|
|
|
|
|
by modeless
1477 days ago
|
|
Stuff like adding SVE2 can be great for specific applications but it's really marginal when looking at whole system performance. What's not marginal are the improvements in power efficiency and room for more cache that come with new process nodes. These chips are power constrained in almost everything they do, because of heat dissipation or battery life or both. Less power and more cache benefits everything automatically, not just the very few things that actually start using new SIMD instructions or other new hardware blocks each year. |
|
It is not. A recent paper (https://arxiv.org/pdf/2205.05982.pdf) from Google engineering has compared performance of a vectorised (SIMD) vs non-vectorised implementation of the quick sort in the Highway library as well as the performance difference of the AVX-512 vs NEON/SVE1 implementations. By switching to the SIMD processing alone, the 9-19x speedup has been reported, depending on the SIMD unit size (32/64/128-bit numbers have been sampled and measured up). Even the smallest of the two, the 9x perfomance gain factor, is far from being marginal.

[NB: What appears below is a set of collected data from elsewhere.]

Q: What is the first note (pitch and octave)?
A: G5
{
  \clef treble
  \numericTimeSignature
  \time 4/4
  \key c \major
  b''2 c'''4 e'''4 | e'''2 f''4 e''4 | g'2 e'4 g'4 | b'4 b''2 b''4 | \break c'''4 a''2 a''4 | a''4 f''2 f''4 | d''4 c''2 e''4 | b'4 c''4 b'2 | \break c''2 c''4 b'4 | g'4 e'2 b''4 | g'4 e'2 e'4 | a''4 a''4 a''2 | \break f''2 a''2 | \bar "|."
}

On the SIMD unit size of things, the performance difference between AVX-512 (the average of 1120 Mb/sec has been measured) and NEON implementation (the 478 Mb/sec throughput on average) is 2.4x smaller for NEON/SVE1 largely due to the smaller width of the units of processing. Again, the 2.4x factor is not in the marginal territory.
> What's not marginal is the improvements in power efficiency that come with new process nodes.
And that is an optimisation step, albeit a very important one. However, it will not make a quick sort implementation run 2.4x faster alone.